**DATA BLOCK**.
• • • • • • •

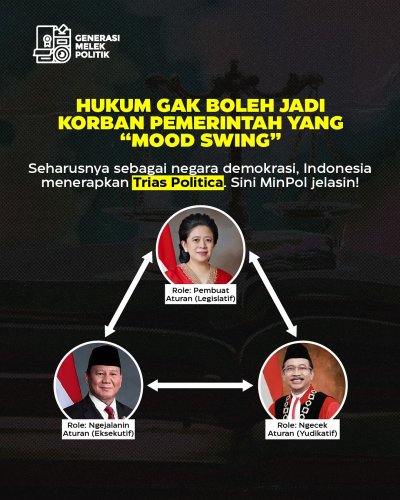 Latest photo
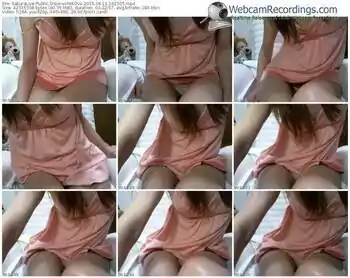 sakuralivejp-vvmikovv-public-show-04_11_2015-16_15_05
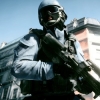 Battlefield 3 станет доступнее для всех и каждого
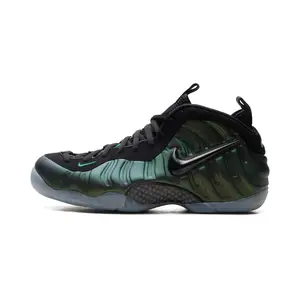 Air Foamposite Pro "Pine Green (2025)" HF0794 300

• • • • • • •

**AIM OF THE EXERCISE**. The whole listing above is to be printed again exactly; pictures stay out of it.

**ANSWER TO THE PROBLEM**.
 Latest photo
 sakuralivejp-vvmikovv-public-show-04_11_2015-16_15_05
 Battlefield 3 станет доступнее для всех и каждого
 Air Foamposite Pro "Pine Green (2025)" HF0794 300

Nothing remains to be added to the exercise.